In general, four types of shade are recognized:

  • full sun, eight or more hours of bright exposure;
  • partial shade, three to four hours of bright exposure and shady conditions during the remainder of the day;
  • dappled shade, three to four hours of filtered shade and shady conditions during the remainder of the day; and
  • heavy shade.

A common myth exists that eight to nine hours of dappled shade equals or counts for the requirements of partial shade; unfortunately, this is simply not true for most ornamental species.

Moisture:

Some states are in a drought and others are waterlogged, but this isn’t what moisture refers to. The focus in terms of choosing plants is what the preference for moisture is over the long term. In fact, many drought-tolerant plants, such as buffalo grass, little bluestem or coreopsis, need to be kept moist during the establishment year.

Soil characteristics:

Drainage potential and moisture requirements go hand in hand in many situations. Sandier soils tend to create dry growing conditions, while heavy clay soils retain moisture for a longer period of time. Another important factor is the capacity to provide nutrients to the plant; cation exchange capacity and pH are crucial considerations in this regard.

Need for color:

Winter stems, spring flowers, summer foliage and fall leaves are solutions for the need for color from golfers and stakeholders. One of the best resources on underutilized color sources is the closest arboretum or botanic garden.

Size and shape:

Tall and thin, short and wide – these are the descriptors of the architecture of an ornamental plant. In many locations a row of upright, narrow trees is just the ticket, while a low-growing, spreading mass of ground cover is called for in a narrow space between the clubhouse and start of the cart path.

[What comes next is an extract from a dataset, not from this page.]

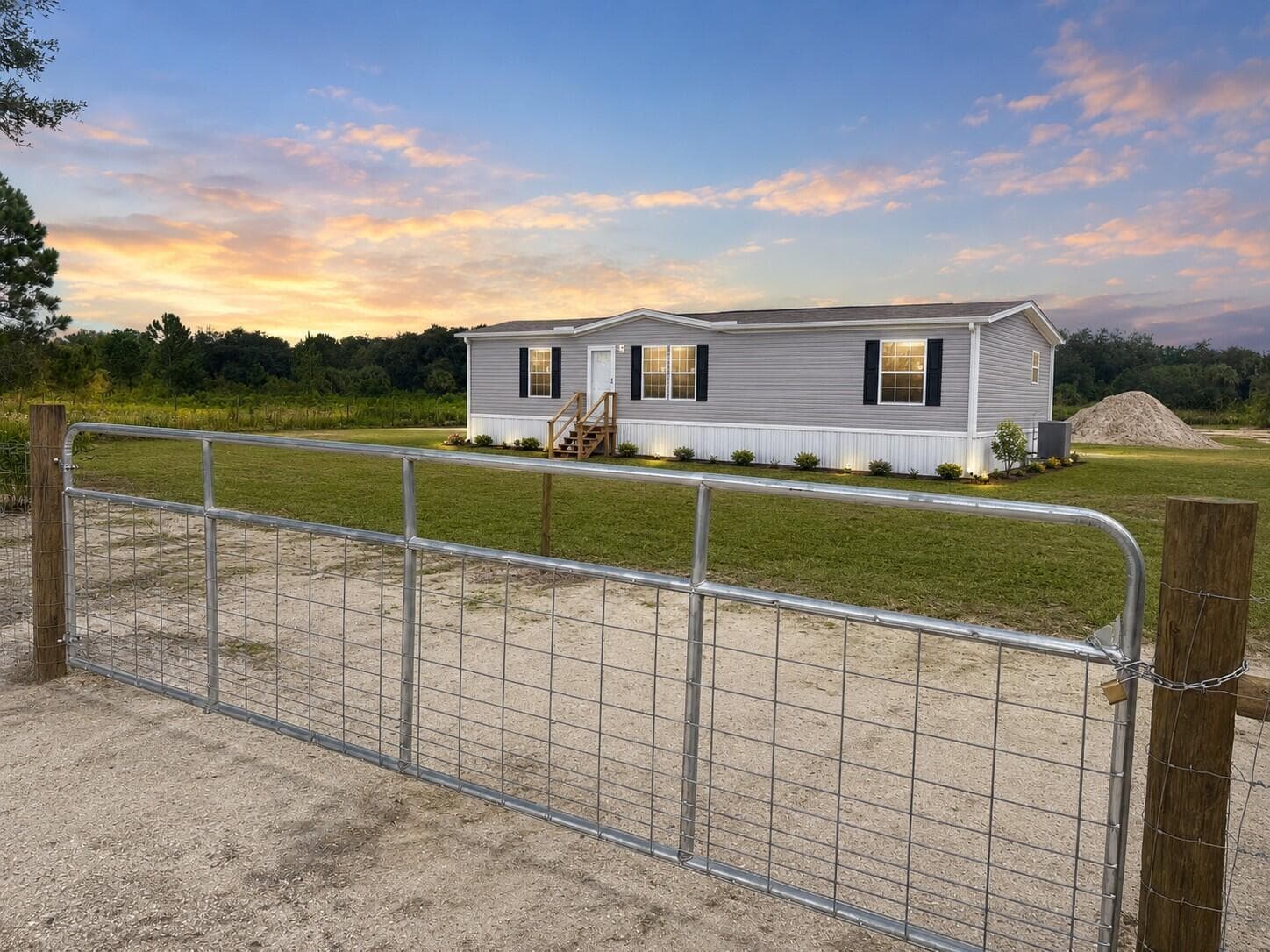 19732 NW 280TH Street, Okeechobee, FL 34972 photo 2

Need for groupings of plants:

Especially in a large-scale landscape like a golf course, using plant masses is appropriate. Single specimens that accent special places can be well sited, but when big impact is needed, one or two shrubs on the back side of a green just isn’t going to cut it. A common guiding rule amongst designers and architects is to use odd numbers of plants in informal settings and even numbers in formal locations. This rule holds for plant masses with less than 10 specimens; for larger masses, the exact number isn’t nearly as important.

Pests coming your way:

When selecting plants consider the pest species that have been reported to be moving into your area. The emerald ash borer is the quintessential species, but others such as pine wilt and Asian long-horned beetle are pests that demand one’s attention. Fortunately, many plant species are available to provide worthy alternatives to ash and Scotch pine in the golfscape.

Disease resistance:

For the pests that are already in your area, such as apple scab, cedar apple rust and powdery mildew, choosing cultivars that possess a high degree of resistance is a wise move. This usually requires drilling down into a particular genus or species, looking at cultivar trials conducted by a local university or trade association. For example, All-America Selections is an industry association that promotes new cultivars of well-performing annuals and perennials. The new introductions are thoroughly tested for many individual traits including disease resistance.

Overall, good design principles, site selection and a thorough assessment of growing conditions are foundational to the success of any golfscape. Skipping any step can be a mistake and may cause the planting to fail.